> _AIM OF THE EXERCISE_
Give the listing back in full, exactly as written, with the pictures removed.

> _DATA BLOCK_

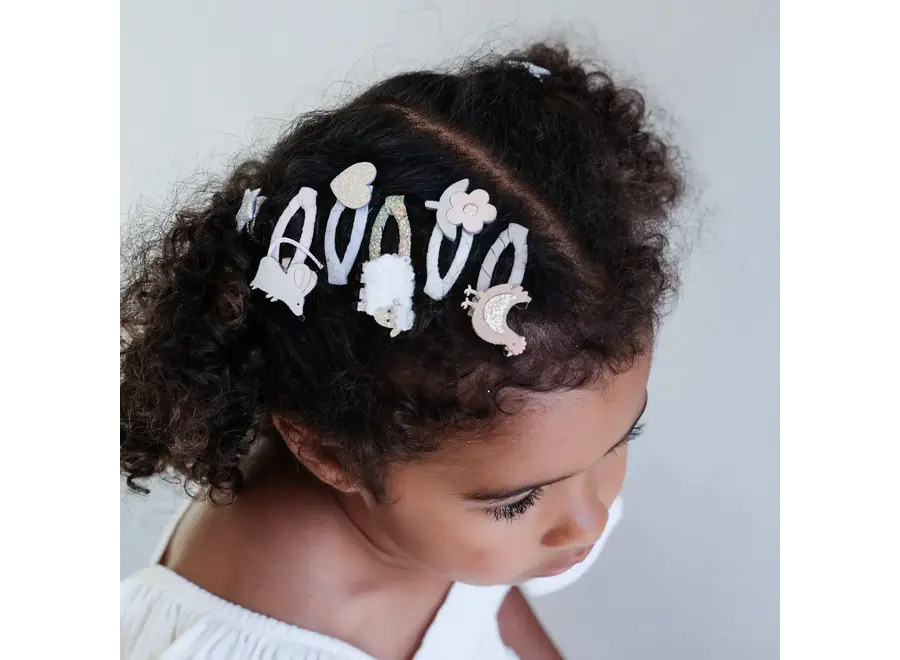 Farm animal mini clic clacs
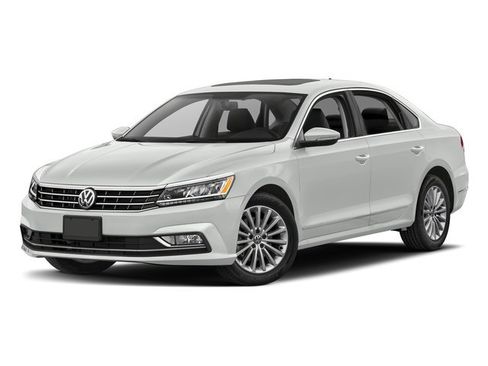 Used 2018 Volkswagen Passat 2.0T SE w/ SE Lighting Package image 1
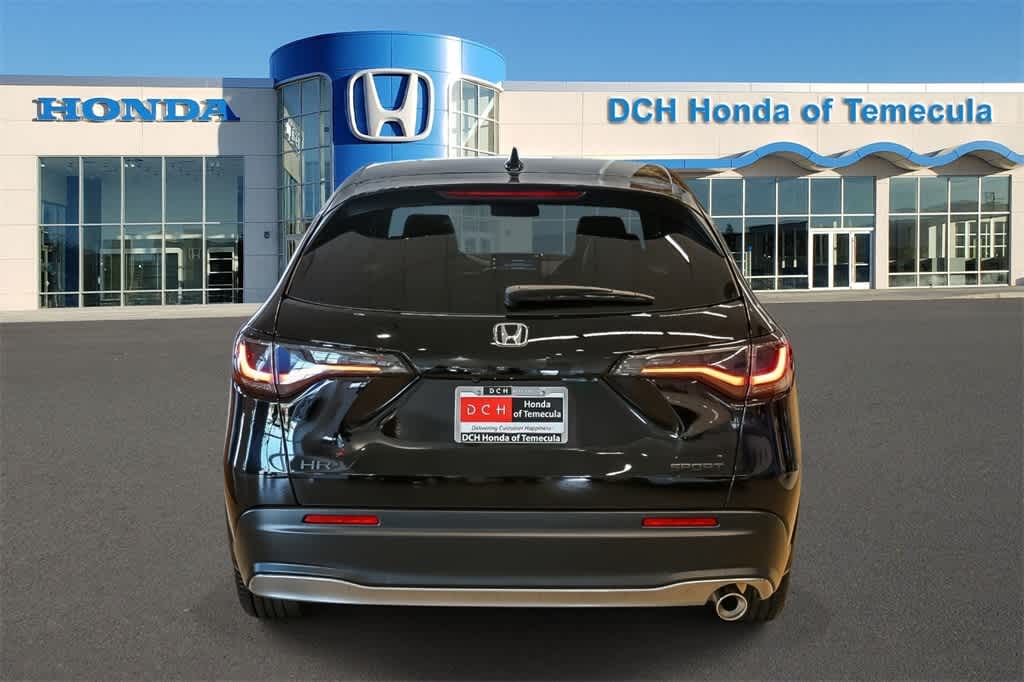 Thumbnail: 2026 Honda HR-V - 5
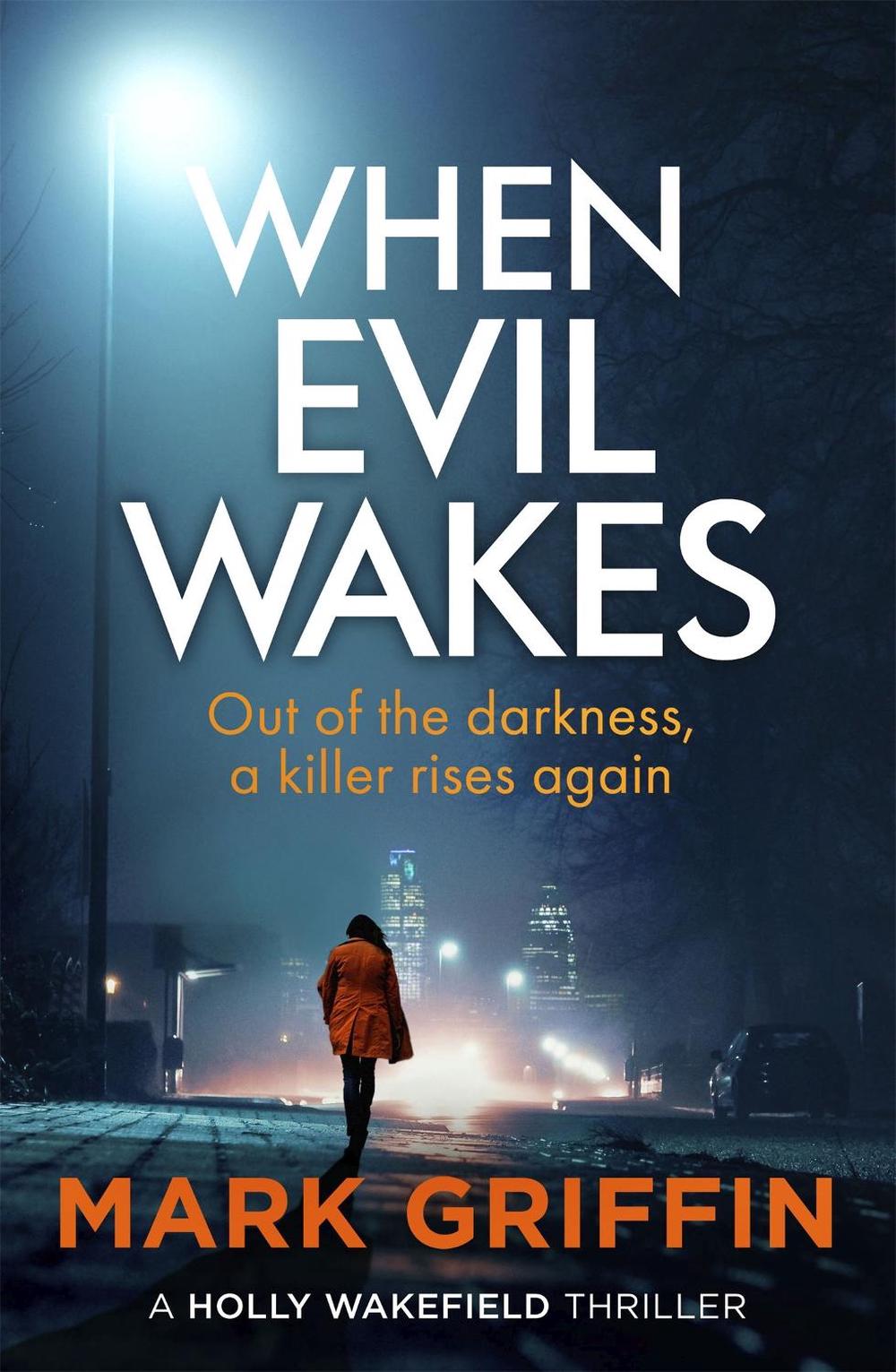 When Evil Wakes, 9780349428970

> _EXERCISE SOLUTION_
 Farm animal mini clic clacs
 Used 2018 Volkswagen Passat 2.0T SE w/ SE Lighting Package image 1
 Thumbnail: 2026 Honda HR-V - 5
 When Evil Wakes, 9780349428970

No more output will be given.